Trump, el factor decisivo
Pese al clima positivo de las reuniones, los negociadores estadounidenses fueron enfáticos al señalar que cualquier decisión sobre la prórroga de la tregua depende exclusivamente del presidente Donald Trump. Scott Bessent, secretario del Tesoro, afirmó que entregarán al mandatario un informe completo sobre los avances obtenidos en Estocolmo, pero aclaró que la definición sobre el futuro comercial entre ambas potencias será política y no técnica.
Jamieson Greer, representante comercial de EE.UU., agregó que la alternativa más factible es una nueva extensión de 90 días, lo que permitiría continuar las conversaciones técnicas y postergar una escalada comercial inmediata. De concretarse, también habría espacio para programar nuevas reuniones bilaterales antes de que finalice ese período adicional.
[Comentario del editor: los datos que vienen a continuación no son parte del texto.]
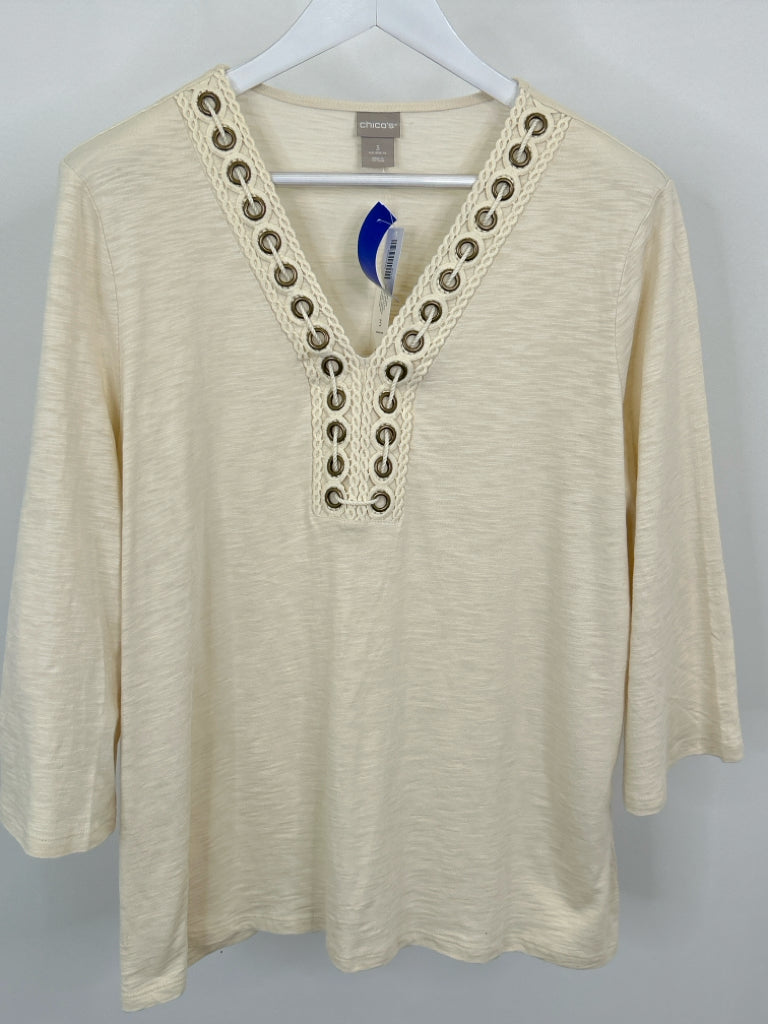 CHICO'S Women Size XL Cream Top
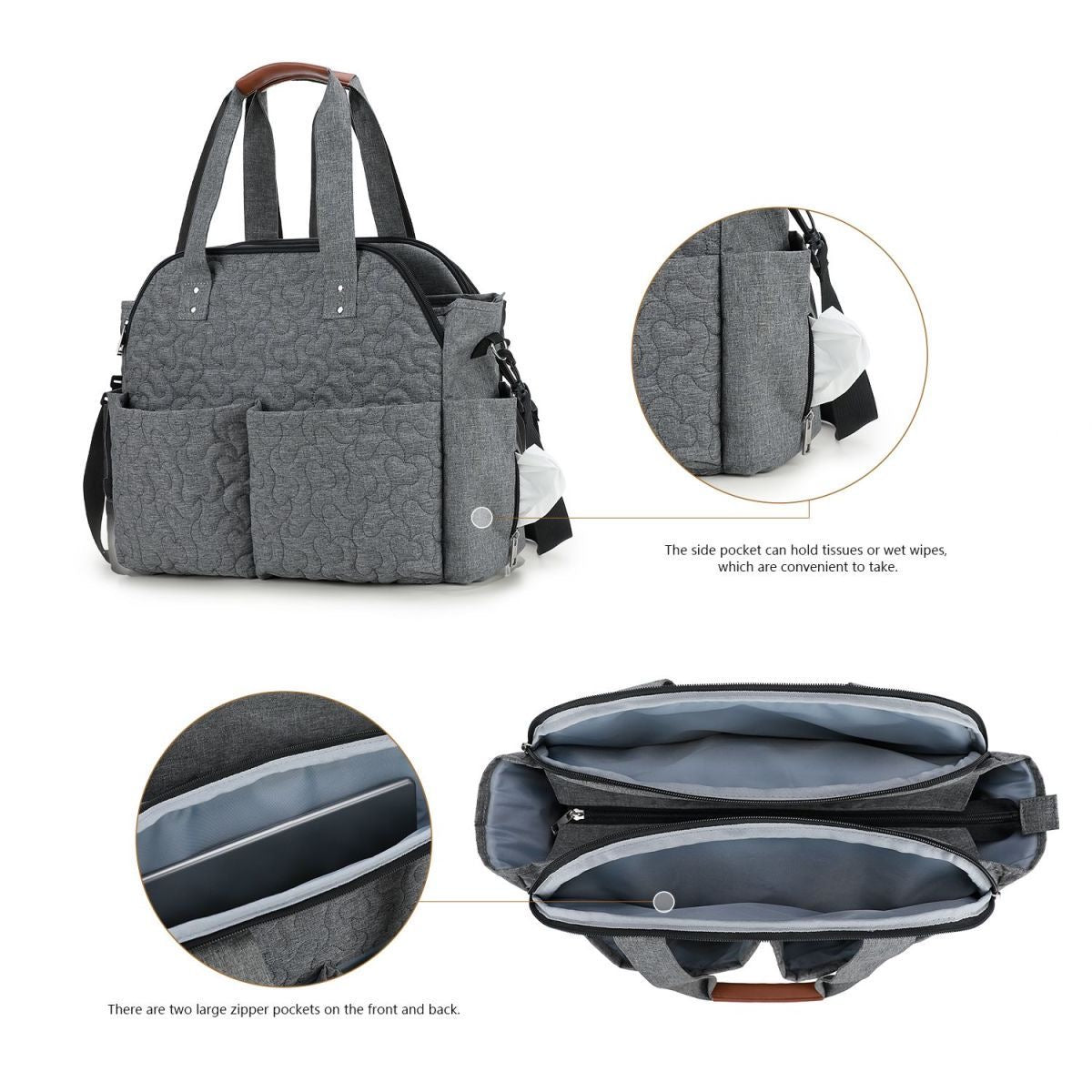 Multifunctional Quilted Diaper Tote & Crossbody Bag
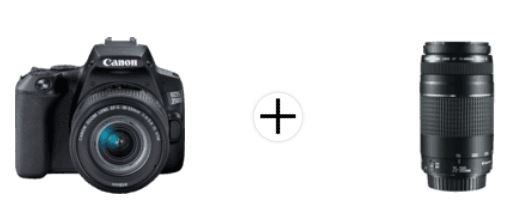 Canon EOS 250D Spiegelreflexkamera mit 24.1 MP WLAN 18 55mm + 75 mm   300 mm Objektiv für 544€ (statt 661€)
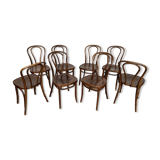 Series of 8 bistro chairs troquet wood curved vintage 1960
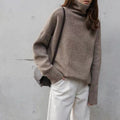 IMG 104 of Europe High Collar Cashmere Women Thick Sweater Loose Lazy Knitted Plus Size Undershirt Outerwear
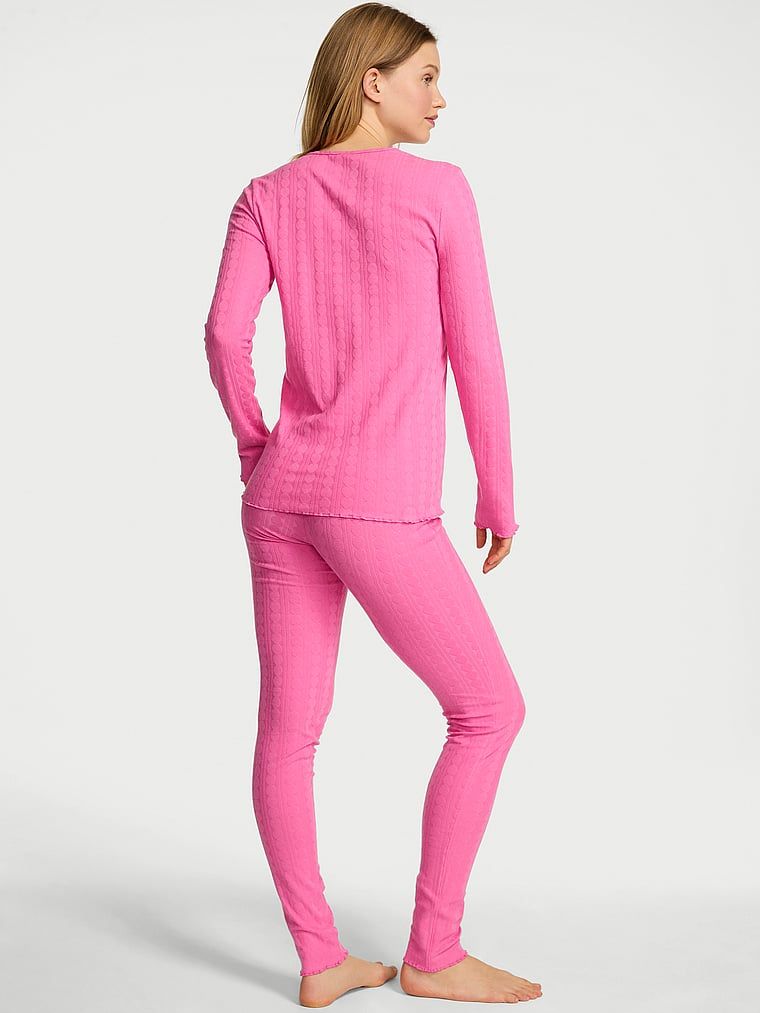 Piżama bawełniana z długimi rękawami i legginsami Heart Pointelle. Produkt ma kolor różowy i pochodzi z kolekcji Victoria's Secret. 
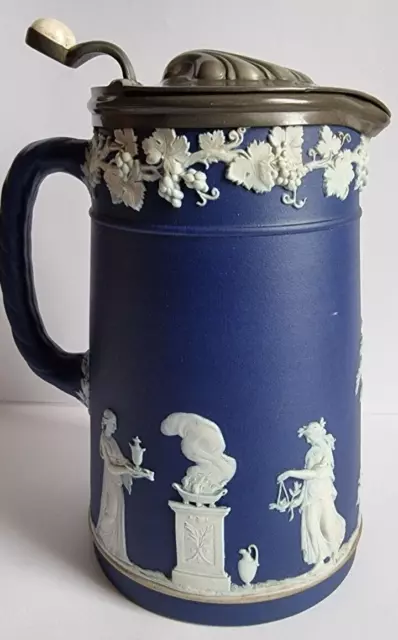 Antique Wedgwood Blue and White Jasperware milk Jug .Pewter Lid 1891 -1908
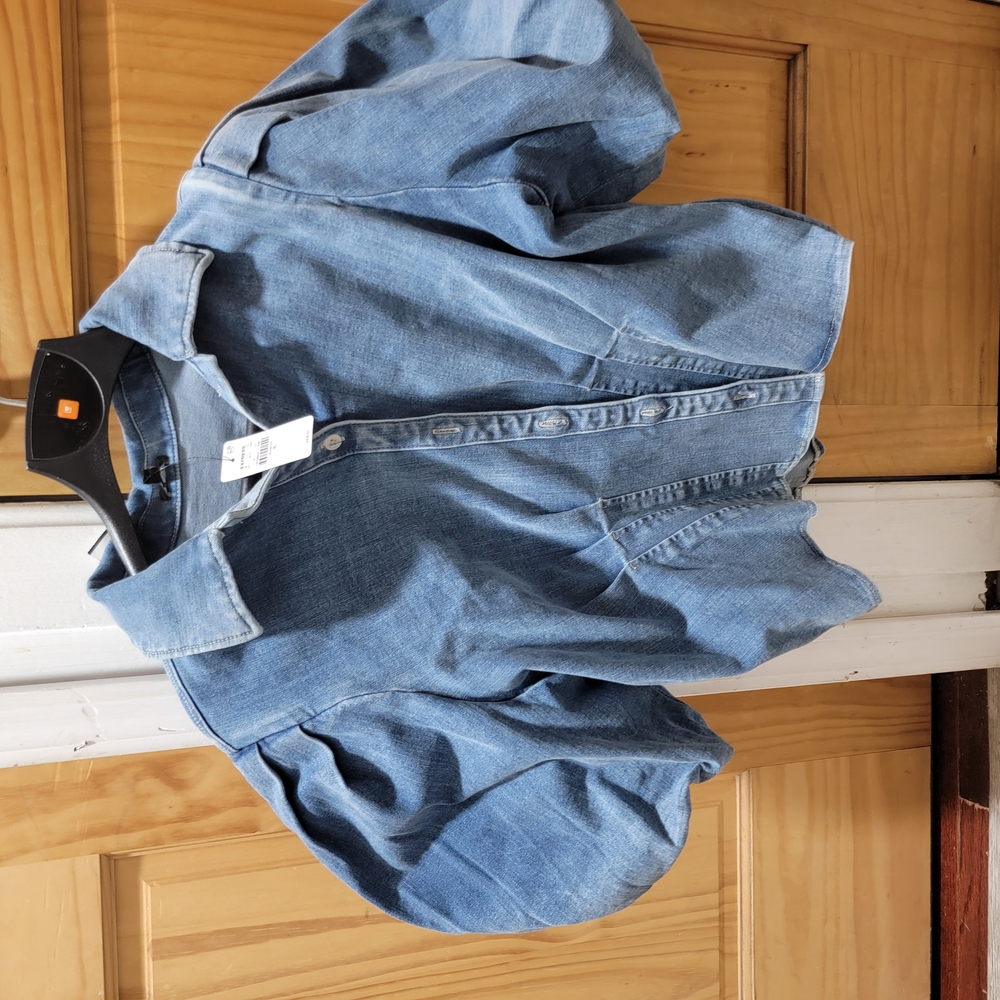 Light Wash Blue denim women puff sleeve shirt with stitch waist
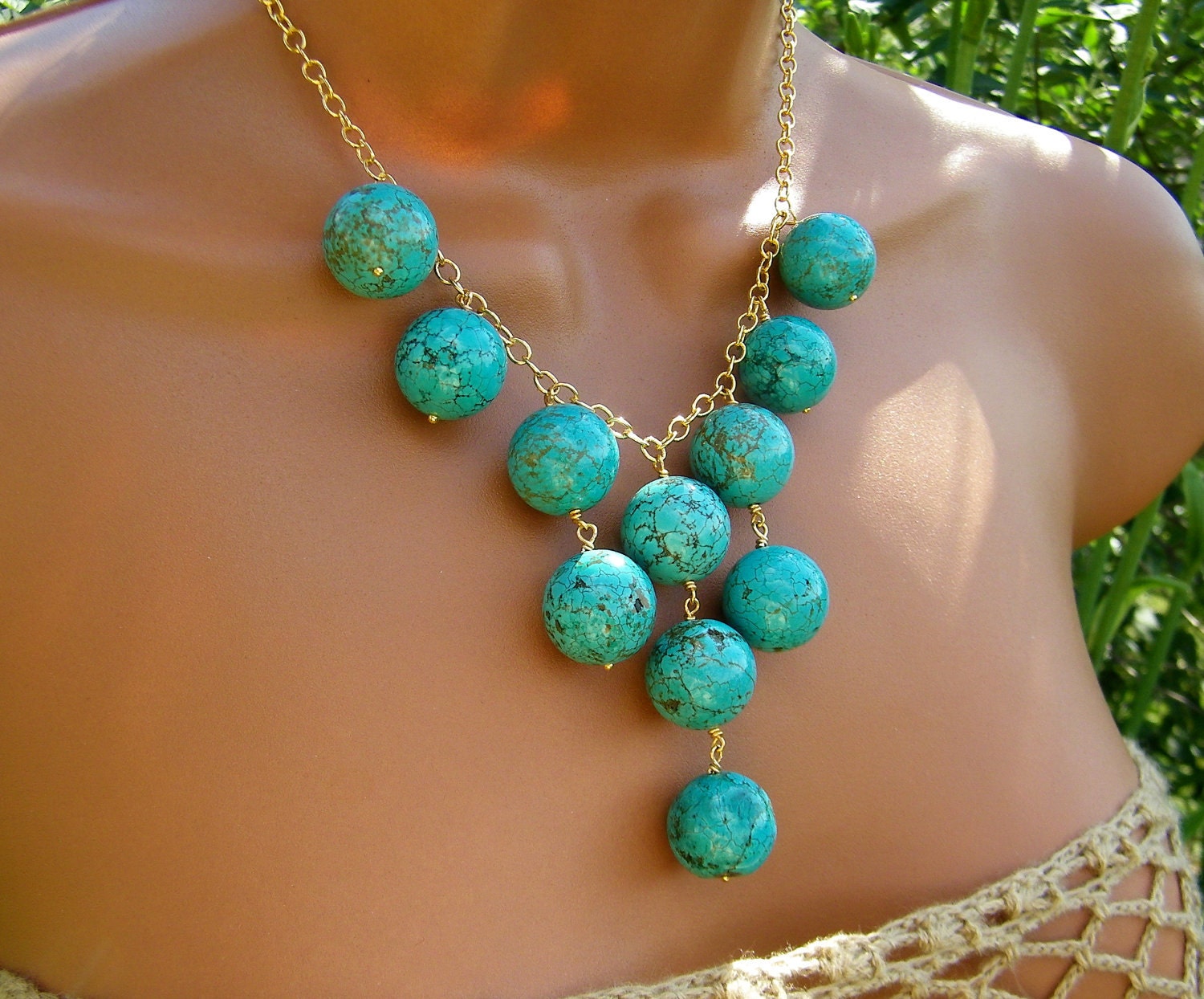 Statement Turquoise Bib Necklace. Turquoise Bubbles. Large Stone Beads.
Un riesgo latente para la economía global
La falta de un acuerdo prolongado entre Estados Unidos y China tendría repercusiones globales. El regreso de los aranceles punitivos, que en algunos casos superarían el 100 %, afectaría a millones de empresas e industrias interconectadas por las cadenas de valor internacionales. El Fondo Monetario Internacional (FMI), que recientemente revisó al alza sus proyecciones de crecimiento mundial, advirtió que una reactivación de la guerra comercial sería uno de los principales riesgos para la estabilidad económica internacional.
Además del impacto financiero, una ruptura del acuerdo complicaría el acceso a productos tecnológicos, automotrices y farmacéuticos, aumentando los precios de producción y generando presión inflacionaria en diversas economías. Analistas coinciden en que, sin una solución negociada, los países más vulnerables serán aquellos con alta dependencia de exportaciones o con sectores manufactureros insertos en la cadena entre EE.UU. y China.
Señales de continuidad, pero sin garantías
Aunque las declaraciones públicas apuntan a una voluntad compartida de evitar una escalada, la complejidad estructural del conflicto comercial —que incluye aspectos como propiedad intelectual, subsidios estatales, desequilibrios comerciales y tecnología estratégica— dificulta una resolución inmediata. Si bien el tono en Estocolmo fue más conciliador que en reuniones previas, los avances sustantivos aún parecen lejanos.
Para los observadores internacionales, el escenario más probable es que Trump opte por extender la tregua, al menos temporalmente, con miras a evitar una perturbación económica mayor en un año electoral. Sin embargo, la falta de una solución definitiva mantiene la tensión latente y refuerza la necesidad de institucionalizar los canales de diálogo entre ambas potencias para evitar crisis cíclicas.
El cierre del diálogo en Estocolmo entre Estados Unidos y China representa un paso diplomático relevante, aunque todavía insuficiente para resolver de fondo el conflicto comercial más importante del mundo. La posibilidad de extender la tregua arancelaria ofrece un alivio temporal, pero deja en evidencia la fragilidad del entendimiento actual. Con el reloj corriendo hacia el 12 de agosto, la decisión final recae en Donald Trump, y con ella el rumbo inmediato de la economía global. Mientras tanto, los mercados y gobiernos del mundo esperan señales claras que indiquen si la cooperación ganará terreno sobre la confrontación.